Alors, vu qu’il risque de pas y avoir grand chose, Pénicaud (la ministre du travail) a eu une bonne idée : la remise en cause du cumul chômage-emploi. La possibilité d’adapter les règles de cumul dans les négociations de branche sera inscrite dans la loi. Oui, parce que se faire sucrer son complément de chômage si on travail à temps partiel ça c’est une vraie mesure contre les contrats précaires ! Mais Pénicaud nous rassure : « Si les accords de branche le demandent, comme élément complémentaire pour lutter contre la précarité, alors on pourra le faire, mais de toute façon en consultant les partenaires sociaux. Si les accords de branche ne nous le demandent pas, alors nous n’aurons pas de raison de le faire » [7]. Nous avons sûrement toutes les raisons de faire confiance au patronat et à la force d’opposition branche par branche des syndicats !

Mais Macron n’a pas dit son dernier mot : le fameux bonus-malus aux entreprises. Après les défiscalisations massives, les entreprises les plus riches auront donc un nouveau moyen de trouver comment gratter un peu plus. Merci d’avance aux avocat-e-s fiscalistes qui font un travail acharné contre la précarité !
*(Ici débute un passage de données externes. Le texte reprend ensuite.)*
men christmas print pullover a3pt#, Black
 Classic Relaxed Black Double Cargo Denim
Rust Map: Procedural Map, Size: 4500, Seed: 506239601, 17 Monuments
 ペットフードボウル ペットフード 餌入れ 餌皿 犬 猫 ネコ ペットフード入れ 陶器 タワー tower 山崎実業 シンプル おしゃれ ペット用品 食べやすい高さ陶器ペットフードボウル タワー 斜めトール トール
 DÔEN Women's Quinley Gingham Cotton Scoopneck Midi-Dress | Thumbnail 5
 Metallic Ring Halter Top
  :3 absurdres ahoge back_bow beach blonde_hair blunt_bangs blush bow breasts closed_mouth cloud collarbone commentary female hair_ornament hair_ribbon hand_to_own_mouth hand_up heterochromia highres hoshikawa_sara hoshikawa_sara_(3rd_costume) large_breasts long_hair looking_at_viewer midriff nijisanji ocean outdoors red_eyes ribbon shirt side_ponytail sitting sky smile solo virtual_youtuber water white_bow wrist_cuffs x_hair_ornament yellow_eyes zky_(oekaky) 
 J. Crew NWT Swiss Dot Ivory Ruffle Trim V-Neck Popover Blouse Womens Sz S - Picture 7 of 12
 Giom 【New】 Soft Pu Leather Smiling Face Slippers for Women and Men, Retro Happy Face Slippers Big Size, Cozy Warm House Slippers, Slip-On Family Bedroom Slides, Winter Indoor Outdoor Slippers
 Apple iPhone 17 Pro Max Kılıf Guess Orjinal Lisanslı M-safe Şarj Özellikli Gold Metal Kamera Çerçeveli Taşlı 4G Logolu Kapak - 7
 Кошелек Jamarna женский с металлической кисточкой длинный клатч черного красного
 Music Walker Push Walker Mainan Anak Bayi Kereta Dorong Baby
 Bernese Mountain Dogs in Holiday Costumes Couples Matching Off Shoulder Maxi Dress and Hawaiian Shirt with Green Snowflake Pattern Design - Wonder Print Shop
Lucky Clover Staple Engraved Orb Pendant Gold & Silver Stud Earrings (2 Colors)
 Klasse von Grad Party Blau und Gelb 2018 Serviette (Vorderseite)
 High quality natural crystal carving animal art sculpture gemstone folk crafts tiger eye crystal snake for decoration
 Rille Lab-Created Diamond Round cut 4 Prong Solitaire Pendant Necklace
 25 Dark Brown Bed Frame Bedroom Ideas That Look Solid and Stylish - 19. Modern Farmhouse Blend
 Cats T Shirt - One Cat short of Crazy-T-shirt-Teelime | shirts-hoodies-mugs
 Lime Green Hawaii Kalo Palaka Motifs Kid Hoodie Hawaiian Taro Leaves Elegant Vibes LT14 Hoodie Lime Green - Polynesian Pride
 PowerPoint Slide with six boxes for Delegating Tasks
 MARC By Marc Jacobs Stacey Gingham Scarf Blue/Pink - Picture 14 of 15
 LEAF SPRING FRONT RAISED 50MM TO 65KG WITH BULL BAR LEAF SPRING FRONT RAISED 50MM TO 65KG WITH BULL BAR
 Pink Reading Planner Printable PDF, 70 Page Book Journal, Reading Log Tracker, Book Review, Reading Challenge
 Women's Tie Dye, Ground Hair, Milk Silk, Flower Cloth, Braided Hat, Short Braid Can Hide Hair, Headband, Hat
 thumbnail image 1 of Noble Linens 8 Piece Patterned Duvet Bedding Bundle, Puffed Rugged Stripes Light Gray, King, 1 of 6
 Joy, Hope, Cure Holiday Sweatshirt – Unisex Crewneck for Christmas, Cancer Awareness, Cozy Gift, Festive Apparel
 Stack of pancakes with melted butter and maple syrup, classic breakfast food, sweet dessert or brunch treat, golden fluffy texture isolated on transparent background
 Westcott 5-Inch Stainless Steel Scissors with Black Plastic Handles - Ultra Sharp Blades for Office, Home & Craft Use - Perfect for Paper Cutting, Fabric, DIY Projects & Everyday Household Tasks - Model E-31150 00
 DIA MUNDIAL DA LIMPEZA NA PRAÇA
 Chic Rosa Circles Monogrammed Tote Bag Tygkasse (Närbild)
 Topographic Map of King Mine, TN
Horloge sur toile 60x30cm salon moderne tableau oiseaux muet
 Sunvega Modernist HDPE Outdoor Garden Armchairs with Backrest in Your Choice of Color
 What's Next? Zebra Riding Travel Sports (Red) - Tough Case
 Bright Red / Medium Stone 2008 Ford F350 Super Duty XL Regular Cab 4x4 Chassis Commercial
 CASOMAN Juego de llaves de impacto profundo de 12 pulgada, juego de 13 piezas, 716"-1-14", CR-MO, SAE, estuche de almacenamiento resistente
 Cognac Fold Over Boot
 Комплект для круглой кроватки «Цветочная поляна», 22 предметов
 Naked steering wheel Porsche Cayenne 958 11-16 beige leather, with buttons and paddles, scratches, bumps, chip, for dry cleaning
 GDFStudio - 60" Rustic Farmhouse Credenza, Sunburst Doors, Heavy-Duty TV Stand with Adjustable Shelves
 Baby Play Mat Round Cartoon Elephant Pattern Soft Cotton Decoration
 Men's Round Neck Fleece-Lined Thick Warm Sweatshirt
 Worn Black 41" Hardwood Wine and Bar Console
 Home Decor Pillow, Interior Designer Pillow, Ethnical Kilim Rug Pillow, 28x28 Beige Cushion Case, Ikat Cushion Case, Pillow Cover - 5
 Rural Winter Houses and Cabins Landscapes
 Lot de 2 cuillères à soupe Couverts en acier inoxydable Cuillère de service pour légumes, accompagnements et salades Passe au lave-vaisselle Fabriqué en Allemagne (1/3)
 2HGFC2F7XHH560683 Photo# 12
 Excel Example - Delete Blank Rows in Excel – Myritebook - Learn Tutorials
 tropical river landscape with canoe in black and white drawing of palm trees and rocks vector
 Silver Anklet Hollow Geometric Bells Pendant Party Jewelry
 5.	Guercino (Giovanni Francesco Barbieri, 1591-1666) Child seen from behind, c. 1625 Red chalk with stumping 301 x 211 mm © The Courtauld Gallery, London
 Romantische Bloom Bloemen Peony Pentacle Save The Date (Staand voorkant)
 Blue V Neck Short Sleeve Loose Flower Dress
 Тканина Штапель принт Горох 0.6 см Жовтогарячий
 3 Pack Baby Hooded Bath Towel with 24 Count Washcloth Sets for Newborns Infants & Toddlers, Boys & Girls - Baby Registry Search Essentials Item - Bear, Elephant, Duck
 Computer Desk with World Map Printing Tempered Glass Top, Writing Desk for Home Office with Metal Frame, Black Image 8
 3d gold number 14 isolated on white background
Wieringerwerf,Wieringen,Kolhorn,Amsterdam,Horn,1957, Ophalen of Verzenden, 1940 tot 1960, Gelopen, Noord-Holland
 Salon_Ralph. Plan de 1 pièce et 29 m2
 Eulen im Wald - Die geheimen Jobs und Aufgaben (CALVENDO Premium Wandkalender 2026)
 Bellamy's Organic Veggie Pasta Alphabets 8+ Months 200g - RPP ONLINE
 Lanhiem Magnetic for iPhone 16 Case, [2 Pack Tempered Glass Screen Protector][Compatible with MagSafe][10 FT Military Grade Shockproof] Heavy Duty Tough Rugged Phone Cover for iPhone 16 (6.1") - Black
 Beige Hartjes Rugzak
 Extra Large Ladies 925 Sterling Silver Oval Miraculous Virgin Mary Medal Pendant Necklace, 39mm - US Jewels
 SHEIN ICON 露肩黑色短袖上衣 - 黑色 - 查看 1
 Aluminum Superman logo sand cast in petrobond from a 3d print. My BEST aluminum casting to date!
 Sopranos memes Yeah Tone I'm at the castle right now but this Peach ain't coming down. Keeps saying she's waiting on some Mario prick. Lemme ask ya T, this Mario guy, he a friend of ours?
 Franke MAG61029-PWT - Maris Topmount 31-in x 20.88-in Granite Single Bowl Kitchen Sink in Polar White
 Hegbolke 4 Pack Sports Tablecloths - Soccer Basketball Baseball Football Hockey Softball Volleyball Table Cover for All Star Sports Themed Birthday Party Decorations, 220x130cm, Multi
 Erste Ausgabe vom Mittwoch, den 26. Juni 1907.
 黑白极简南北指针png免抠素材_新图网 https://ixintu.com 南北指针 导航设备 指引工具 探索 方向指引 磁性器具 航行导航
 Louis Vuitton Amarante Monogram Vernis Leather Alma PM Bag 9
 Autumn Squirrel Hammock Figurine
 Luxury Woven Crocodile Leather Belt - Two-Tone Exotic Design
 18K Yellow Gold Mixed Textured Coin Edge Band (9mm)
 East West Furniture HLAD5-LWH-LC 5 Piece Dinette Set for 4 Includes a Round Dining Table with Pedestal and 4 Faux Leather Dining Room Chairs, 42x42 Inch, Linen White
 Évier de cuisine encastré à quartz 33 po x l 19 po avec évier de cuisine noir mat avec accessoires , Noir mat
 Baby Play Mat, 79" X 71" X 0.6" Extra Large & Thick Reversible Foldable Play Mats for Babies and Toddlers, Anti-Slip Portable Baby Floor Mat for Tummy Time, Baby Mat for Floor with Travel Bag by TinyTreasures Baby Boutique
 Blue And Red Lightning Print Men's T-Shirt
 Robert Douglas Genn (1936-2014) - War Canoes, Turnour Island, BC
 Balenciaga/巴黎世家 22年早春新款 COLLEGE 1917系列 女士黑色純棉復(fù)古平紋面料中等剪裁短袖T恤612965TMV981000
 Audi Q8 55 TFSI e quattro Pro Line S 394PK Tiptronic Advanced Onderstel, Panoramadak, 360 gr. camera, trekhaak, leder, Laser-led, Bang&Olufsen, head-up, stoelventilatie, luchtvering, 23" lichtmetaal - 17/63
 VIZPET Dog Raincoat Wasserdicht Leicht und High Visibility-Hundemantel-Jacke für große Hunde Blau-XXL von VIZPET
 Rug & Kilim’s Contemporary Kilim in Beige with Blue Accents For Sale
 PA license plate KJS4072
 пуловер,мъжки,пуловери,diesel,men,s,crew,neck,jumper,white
Nous sommes la clef de voûte, faisons s’écrouler leur système

Nous, précaires, « inactifs » de toutes sortes, chômeurs et chômeuses sommes au centre du fonctionnement actuel du capitalisme et du travail. Nous sommes les épouvantails qui permettent de maintenir les salarié-e-s sous pression dans des conditions toujours pires parce qu’ils,elles ont la chance de travailler. Nous sommes les têtes brûlées que l’on désigne comme fainéant-e-s pour légitimer la mise au rebut d’une partie de la société par l’autre et pour que l’on applaudisse les gentils patrons qui nous offrent charitablement du travail. Nous sommes la réserve d’employé-e-s flexibles, la chair à patron, prête à travailler en intérim ou en contrat merdique, pour remplacer tou-te-s les arrêts maladies et dépressions à force de souffrance au travail ou les grévistes qui tentent de résister à la marche forcée du monde.

Mais nous ne voulons pas de votre charité. Nous voulons vivre décemment avec ou sans travail salarié. Nos vies sont riches et nous ne seront pas la caution de la destruction des services publics ou de nos conditions de travail - car oui nous aussi nous pouvons parfois travailler. Rentrons en grève car les patrons ont besoin de nous et nous n’avons pas besoin d’eux. Sans nous, le pouvoir du patronat s’effrite et montre son vrai visage : du vent. Auto-organisons nous pour faire valoir nos droits et créer d’autres possibles. Nous ne voulons ni salariat ni auto-entreprenariat, nous voulons l’autogestion de nos vies et des moyens de productions.